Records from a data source
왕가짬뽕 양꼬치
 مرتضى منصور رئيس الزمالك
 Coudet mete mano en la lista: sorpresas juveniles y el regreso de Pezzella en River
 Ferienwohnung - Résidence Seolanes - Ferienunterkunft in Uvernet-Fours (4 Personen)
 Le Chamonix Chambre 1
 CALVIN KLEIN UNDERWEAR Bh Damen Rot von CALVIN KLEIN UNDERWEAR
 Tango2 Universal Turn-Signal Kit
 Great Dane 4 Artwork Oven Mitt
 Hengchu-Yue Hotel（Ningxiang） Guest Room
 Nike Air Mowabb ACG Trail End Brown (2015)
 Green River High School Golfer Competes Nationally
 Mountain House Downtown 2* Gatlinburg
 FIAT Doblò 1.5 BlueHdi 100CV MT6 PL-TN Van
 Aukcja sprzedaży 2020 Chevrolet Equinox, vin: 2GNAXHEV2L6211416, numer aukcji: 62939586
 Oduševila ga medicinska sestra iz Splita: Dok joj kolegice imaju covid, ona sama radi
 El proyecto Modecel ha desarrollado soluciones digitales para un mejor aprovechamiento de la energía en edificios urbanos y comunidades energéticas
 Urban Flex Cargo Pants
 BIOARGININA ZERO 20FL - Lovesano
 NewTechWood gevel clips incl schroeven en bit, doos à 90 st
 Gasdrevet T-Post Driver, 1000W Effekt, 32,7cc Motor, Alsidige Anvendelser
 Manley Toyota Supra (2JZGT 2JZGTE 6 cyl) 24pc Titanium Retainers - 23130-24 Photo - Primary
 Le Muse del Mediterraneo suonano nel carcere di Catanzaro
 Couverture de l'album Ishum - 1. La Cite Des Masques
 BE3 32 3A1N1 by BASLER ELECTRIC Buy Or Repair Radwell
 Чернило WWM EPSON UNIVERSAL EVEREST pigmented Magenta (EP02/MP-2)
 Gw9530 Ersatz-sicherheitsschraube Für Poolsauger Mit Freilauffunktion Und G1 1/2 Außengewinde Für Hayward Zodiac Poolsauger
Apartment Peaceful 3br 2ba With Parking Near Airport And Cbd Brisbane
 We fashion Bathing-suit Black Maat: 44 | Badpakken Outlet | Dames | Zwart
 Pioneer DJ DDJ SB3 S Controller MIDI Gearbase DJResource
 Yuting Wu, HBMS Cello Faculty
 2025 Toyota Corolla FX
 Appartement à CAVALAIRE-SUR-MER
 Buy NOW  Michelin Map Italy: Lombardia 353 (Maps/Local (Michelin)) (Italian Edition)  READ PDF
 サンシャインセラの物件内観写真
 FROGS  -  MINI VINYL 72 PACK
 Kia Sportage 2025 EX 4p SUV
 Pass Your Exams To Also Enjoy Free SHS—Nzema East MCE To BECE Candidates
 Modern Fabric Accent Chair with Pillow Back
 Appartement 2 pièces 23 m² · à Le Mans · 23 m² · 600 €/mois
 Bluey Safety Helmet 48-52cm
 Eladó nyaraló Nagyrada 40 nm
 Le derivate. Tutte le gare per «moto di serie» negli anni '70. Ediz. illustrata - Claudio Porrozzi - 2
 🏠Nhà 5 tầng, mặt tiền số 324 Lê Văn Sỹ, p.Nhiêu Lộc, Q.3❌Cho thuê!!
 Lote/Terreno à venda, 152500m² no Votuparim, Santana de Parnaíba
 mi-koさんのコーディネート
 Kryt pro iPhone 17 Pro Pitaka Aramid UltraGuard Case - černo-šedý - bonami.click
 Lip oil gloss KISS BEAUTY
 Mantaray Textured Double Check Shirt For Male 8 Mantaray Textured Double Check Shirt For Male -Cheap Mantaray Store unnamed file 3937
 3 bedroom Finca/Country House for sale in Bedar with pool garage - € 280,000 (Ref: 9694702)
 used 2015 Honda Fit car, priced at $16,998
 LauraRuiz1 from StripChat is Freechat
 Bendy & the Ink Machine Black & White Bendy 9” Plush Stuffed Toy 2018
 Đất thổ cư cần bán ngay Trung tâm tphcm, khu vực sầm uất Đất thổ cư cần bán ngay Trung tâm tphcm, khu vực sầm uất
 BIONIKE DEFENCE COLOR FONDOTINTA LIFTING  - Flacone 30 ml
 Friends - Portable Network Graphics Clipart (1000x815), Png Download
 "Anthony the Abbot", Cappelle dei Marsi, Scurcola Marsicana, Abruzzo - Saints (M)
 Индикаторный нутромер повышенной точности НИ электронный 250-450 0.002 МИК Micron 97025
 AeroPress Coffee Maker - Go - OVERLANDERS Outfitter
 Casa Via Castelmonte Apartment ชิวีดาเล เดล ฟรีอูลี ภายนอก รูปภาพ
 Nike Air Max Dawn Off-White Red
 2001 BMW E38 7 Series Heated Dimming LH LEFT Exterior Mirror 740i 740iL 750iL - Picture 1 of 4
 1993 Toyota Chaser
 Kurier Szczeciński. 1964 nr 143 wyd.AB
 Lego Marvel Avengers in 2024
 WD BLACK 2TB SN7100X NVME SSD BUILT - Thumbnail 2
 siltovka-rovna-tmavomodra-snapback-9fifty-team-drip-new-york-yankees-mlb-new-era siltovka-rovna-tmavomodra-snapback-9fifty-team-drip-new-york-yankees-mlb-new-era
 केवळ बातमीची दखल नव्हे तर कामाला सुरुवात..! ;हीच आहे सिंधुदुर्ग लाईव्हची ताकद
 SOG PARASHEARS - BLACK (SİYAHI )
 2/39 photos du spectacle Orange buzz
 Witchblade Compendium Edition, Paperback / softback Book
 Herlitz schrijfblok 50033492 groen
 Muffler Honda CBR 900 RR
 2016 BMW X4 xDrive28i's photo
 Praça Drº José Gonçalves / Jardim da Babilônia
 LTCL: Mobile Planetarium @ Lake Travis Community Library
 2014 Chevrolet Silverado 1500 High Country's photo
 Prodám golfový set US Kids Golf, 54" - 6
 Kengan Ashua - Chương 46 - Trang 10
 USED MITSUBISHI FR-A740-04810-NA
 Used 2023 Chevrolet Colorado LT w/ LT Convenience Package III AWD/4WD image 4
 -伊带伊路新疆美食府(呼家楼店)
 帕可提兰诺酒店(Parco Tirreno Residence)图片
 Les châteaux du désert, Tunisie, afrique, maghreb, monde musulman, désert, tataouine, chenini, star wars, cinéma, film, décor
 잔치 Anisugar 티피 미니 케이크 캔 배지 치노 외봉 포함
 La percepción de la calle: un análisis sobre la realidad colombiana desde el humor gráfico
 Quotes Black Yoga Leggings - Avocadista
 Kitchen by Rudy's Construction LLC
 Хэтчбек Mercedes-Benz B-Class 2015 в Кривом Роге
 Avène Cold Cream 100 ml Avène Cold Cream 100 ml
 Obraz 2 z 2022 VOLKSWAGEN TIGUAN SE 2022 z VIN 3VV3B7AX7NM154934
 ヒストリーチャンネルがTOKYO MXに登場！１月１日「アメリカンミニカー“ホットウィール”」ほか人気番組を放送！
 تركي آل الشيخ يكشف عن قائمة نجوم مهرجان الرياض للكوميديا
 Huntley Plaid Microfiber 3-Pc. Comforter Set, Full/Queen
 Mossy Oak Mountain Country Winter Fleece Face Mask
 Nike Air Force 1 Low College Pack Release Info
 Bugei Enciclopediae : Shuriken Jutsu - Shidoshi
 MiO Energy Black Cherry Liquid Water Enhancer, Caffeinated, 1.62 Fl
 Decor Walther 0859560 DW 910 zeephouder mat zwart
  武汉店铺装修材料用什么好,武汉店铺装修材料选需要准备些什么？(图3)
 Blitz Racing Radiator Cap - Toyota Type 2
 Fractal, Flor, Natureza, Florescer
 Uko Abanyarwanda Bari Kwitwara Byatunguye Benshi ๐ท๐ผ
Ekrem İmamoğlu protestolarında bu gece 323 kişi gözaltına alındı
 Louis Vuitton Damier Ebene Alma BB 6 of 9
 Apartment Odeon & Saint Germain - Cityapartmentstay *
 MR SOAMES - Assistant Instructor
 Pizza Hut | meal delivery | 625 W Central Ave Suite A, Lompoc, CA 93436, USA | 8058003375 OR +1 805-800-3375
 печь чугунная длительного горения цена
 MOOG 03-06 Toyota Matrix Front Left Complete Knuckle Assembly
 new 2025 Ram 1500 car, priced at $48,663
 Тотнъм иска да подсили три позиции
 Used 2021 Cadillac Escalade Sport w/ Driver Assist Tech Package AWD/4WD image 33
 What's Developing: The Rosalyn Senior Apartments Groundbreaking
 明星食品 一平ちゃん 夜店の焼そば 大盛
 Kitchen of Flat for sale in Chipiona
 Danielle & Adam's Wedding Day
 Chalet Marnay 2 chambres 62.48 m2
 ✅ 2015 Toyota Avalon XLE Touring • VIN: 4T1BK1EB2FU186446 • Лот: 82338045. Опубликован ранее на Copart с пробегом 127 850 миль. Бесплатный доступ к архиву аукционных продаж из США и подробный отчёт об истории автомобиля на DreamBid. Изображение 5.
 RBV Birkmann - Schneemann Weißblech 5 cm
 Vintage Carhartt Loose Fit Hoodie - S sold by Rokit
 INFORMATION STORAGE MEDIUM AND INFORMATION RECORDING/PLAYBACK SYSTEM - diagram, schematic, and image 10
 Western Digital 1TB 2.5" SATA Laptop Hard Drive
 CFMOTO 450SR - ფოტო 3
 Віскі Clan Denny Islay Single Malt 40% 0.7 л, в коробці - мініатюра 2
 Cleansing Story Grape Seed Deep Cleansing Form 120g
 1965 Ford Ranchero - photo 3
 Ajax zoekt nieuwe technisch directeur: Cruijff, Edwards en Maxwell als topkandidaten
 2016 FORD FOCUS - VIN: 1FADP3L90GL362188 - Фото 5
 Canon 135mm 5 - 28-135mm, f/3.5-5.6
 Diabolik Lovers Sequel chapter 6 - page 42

How to complete this task
From the data above, reproduce word for word the lines running from the line with "Индикаторный нутромер повышенной" to the line with "2001 BMW E38", ends included.

Reply
 Индикаторный нутромер повышенной точности НИ электронный 250-450 0.002 МИК Micron 97025
 AeroPress Coffee Maker - Go - OVERLANDERS Outfitter
 Casa Via Castelmonte Apartment ชิวีดาเล เดล ฟรีอูลี ภายนอก รูปภาพ
 Nike Air Max Dawn Off-White Red
 2001 BMW E38 7 Series Heated Dimming LH LEFT Exterior Mirror 740i 740iL 750iL - Picture 1 of 4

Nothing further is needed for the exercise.